Wednesday, March 29, 2006

On Houses and Taxes

The Wall Street Journal (subscription required) has an article today on the increasing tax burden for folks who live in areas of super high increasing property values. It caught my eye because most folks in Gilbert just received their property tax valuations for next year, and were shocked to see the 50-60% increases. One of the problems in cashing in on increased property values is a tax issue. As the WSJ explains:

A growing number of homeowners, riding the crest of the real-estate boom, are getting hit by an unpleasant surprise when they sell: a hefty tax bill.

This development stems from a 1997 law that Treasury Department officials said at the time would eliminate capital-gains taxes for nearly everyone selling their primary residence. Under that law, most married couples who file jointly can exclude as much as $500,000 of their gain. For most singles, the limit is $250,000.

But as home prices have surged, more people have been selling their home for bigger gains than the exclusion amount -- and thus are facing unexpectedly big tax bills, accountants and other tax professionals say. Besides getting hit by the top 15% rate on capital gains, some also are facing the loss of deductions, exemptions and credits. In some cases, they may even be drawn into the rapidly expanding web of the alternative minimum tax.
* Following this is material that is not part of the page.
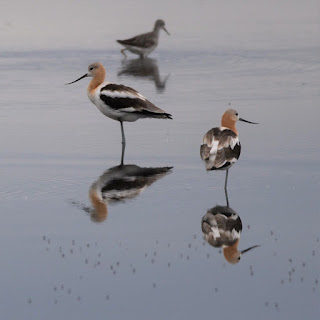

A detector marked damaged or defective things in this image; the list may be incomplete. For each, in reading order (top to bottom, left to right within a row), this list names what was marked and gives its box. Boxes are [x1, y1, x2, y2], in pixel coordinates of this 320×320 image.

rust-necked avocet [115, 19, 170, 58]
rust-necked avocet [65, 62, 172, 144]
rust-necked avocet [200, 109, 258, 189]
Many sellers are startled to hear they owe any tax at all because they didn't realize the 1997 law erased a popular provision that had allowed them to avoid taxes. That provision generally allowed sellers to defer or eliminate capital-gains taxes by rolling over their proceeds within a specified time period into a new home costing as much or more than the old one. The law also deleted another provision that generally offered a once-in-a-lifetime $125,000 exclusion for people age 55 or older.


In Morrison Ranch, it is unlikely that any house would garner a $500,000 gain (yet), but there are plenty that have seen more than $250,000; and while this is something to keep an eye on for our residents, there is another more likely tax pitfall, and that is the requirement to live in a house for 2 of the 5 years preceding a sale in order to exclude the gain. There are plenty of exceptions, of course; if you want a little light reading, check out the IRS' publication 523 to get all the gory details. And of course, consult your tax professional (CPAs will have more work than we can handle as long as the tax code remains so complex); it's a better plan to ask her BEFORE you sell than after the deed is done.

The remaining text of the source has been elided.